Sabato, 19 Giugno 2021
Cronaca Contrada Case Api

Torna l'allarme tubercolosi a Cinisi: sequestrati due allevamenti

Alcuni bovini sono risultati positivi al test. Non è la prima volta che il fenomeno interessa il Comune alle porte di Palermo, ci furono altri casi nel 2011 e nel 2013. Gli esperti però rassicurano: "Negli ultimi anni il numero di capi infetti è diminuito"

Torna l'incubo tubercolosi a Cinisi. Nel comune alle porte di Palermo, a seguito di sopralluoghi effettuati dai veterinari dell’Azienda U.S. L. Dipartimento di Prevenzione-Area di Sanità in due allevamenti di bestiame, con sede in contrada Case Api e in contrada Graffagnino, alcuni bovini sono risultati positivi al test. Da qui la decisione del sindaco Giangiacomo Palazzolo di emettere le ordinanze di sequestro sanitario. 

Non è la prima volta che questo accade. Già nel 2011 diversi capi di bestiame risultarono infetti e scattarono i sequestri. Nel 2013 il fenomeno si ripresentò.
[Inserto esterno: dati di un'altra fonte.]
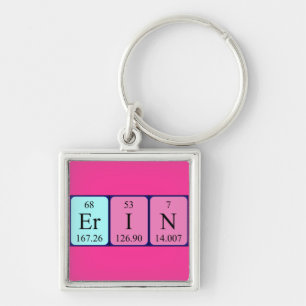 Erin periodic table name keyring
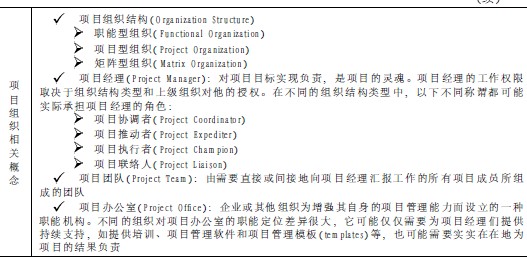 项目管理基本概念一览 项目管理基本概念一览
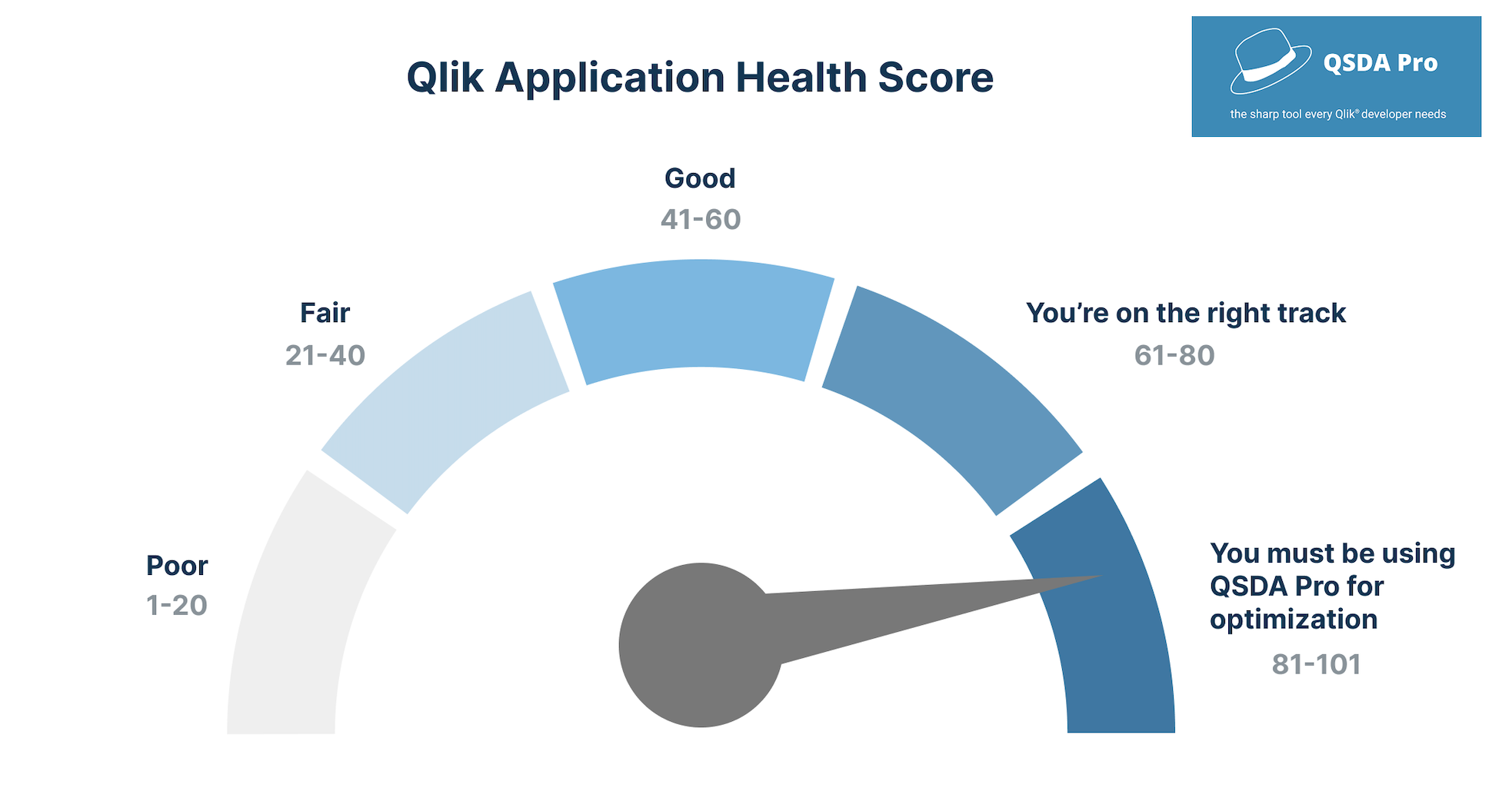 Qlik App Health Assessment and Reload Log Analysis... - Qlik Community ...
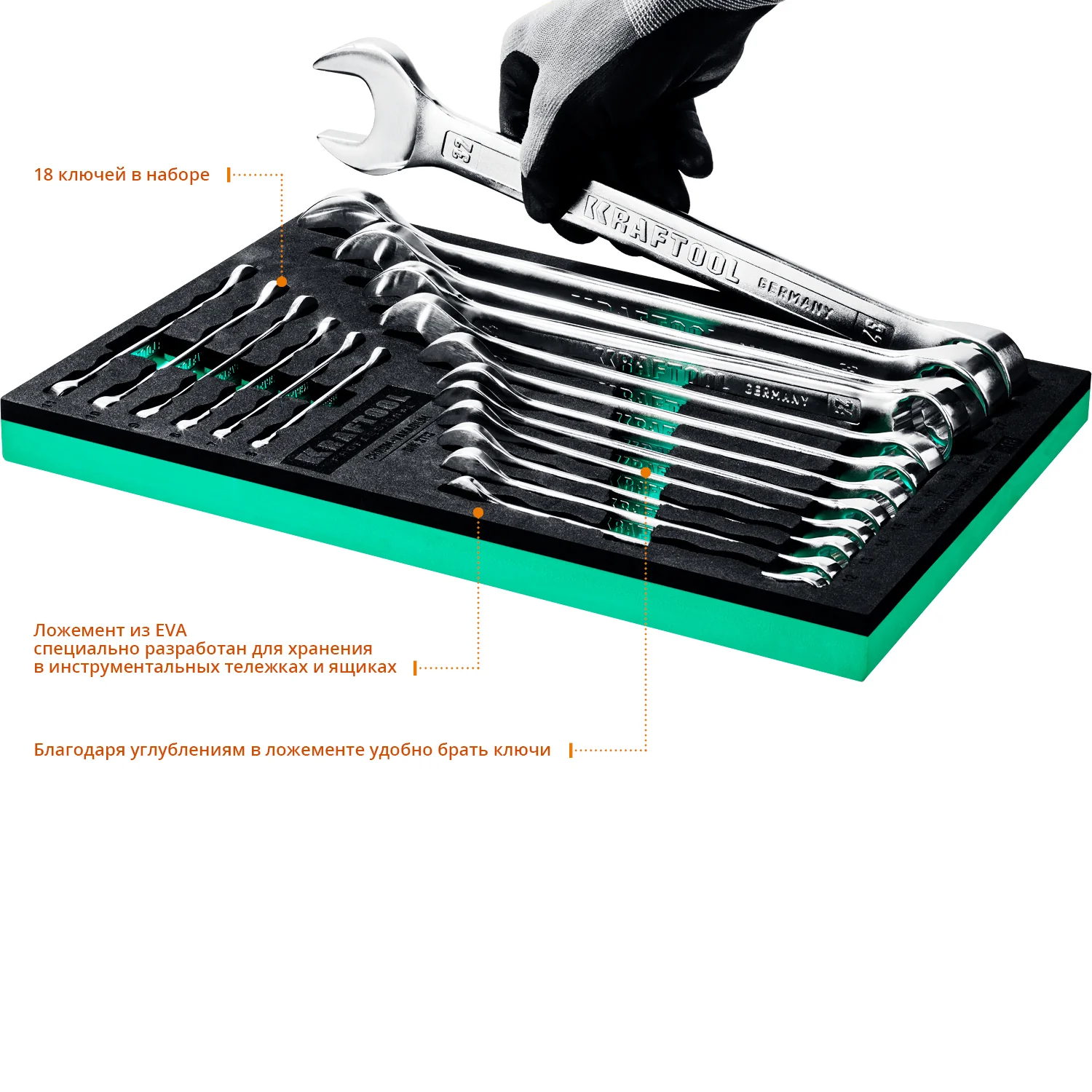 Набор комбинированных гаечных ключей KRAFTOOL 18 шт, 6 - 32 мм (27079-H18E)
"La tubercolosi bovina - spiega il Ministero della Salute - è una patologia con effetti socio-economici e di salute pubblica di notevole rilevanza, essendo una malattia trasmissibile anche all’uomo. L'agente causale della malattia è il Mycobacterium bovis, appartenente al complesso del Mycobacterium tubercolosis che include M. tubercolosis, M. bovis, M. africanum e M. microti.  La malattia si diffonde nel bestiame attraverso inalazione di areosol da tosse o da starnuto di animali infetti o da particelle infette di polvere. La diffusione tuttavia potrebbe anche avvenire indirettamente da pascoli o acque contaminate. La fonte principale di contagio per l'uomo è rappresentata dal contatto con animali infetti e dall'ingestione di prodotti provenienti da animali infetti, in particolare prodotti derivati da latte non pastorizzato". 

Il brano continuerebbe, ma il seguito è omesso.